A month or so back, Gov. Mark Sanford (SC) was working on burnishing his party bones by sounding off on bailouts and fiscal stimulus:
South Carolina’s Gov. Sanford is resisting the urge to propose or accept raising taxes. Faced with a shortfall, Gov. Sanford reconvened the state Legislature in October, and it made $488 million in targeted budget cuts.
Gov. Sanford, unlike most of his colleagues, speaks out against any federal bailouts, including a fiscal stimulus bill that is likely to include state aid. “When times go south you cut spending,” Gov. Sanford said. “That’s what families do, that’s what businesses do, and I don’t think the government should be exempt from that process.”

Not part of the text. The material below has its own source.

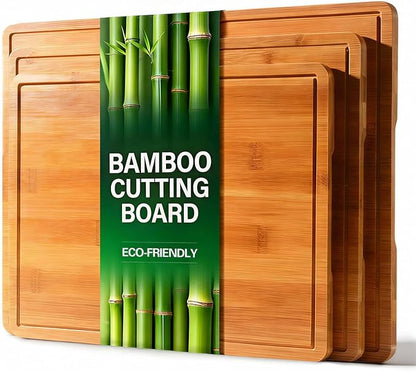 Zarler Bamboo Cutting Boards for Kitchen, Durable Wood Cutting Board with Juice Grooves and Handles, Wooden Chopping Board Set for Meal Prep, 500℉ Carbonized Bamboo, XL Size, Ideal Kitchen Gift by ZarlerOfficial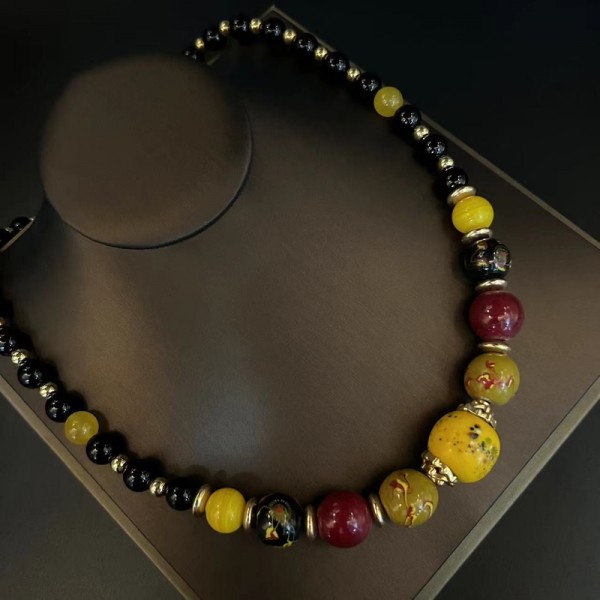 NL9849-17 Glaze bead necklace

But in the midst of the largest financial crisis in decades, Gov. Sanford said he wouldn’t be surprised if the Republican governors who do raise taxes get a pass with voters. “There’s enough confusion and, frankly, fear out there with regard to what’s happening to the economy…that they’re really not going to watch some fee or some relatively incidental tax” that rises, he said.
Notwithstanding the Governor’s demonstration that he hasn’t a clue of the difference between micro and macro economics, he also wrote an op-ed for the WSJ Don’t Bail Out My State. But in the face of South Carolina’s unemployment funds running out, he’s been forced to ask for federal funds to cover unemployment benefits in a state with the nation’s third largest unemployment rate. The Governor has contrived a story designed to cast doubt on the agency that disburses the funds — even though the agency undergoes routine audits and the BLS says that the agency calculates its unemployment stats the way everyone else does.
There’s going to be alot of this in the future — as ideology (failed in the most part already) runs into the real world’s economic state.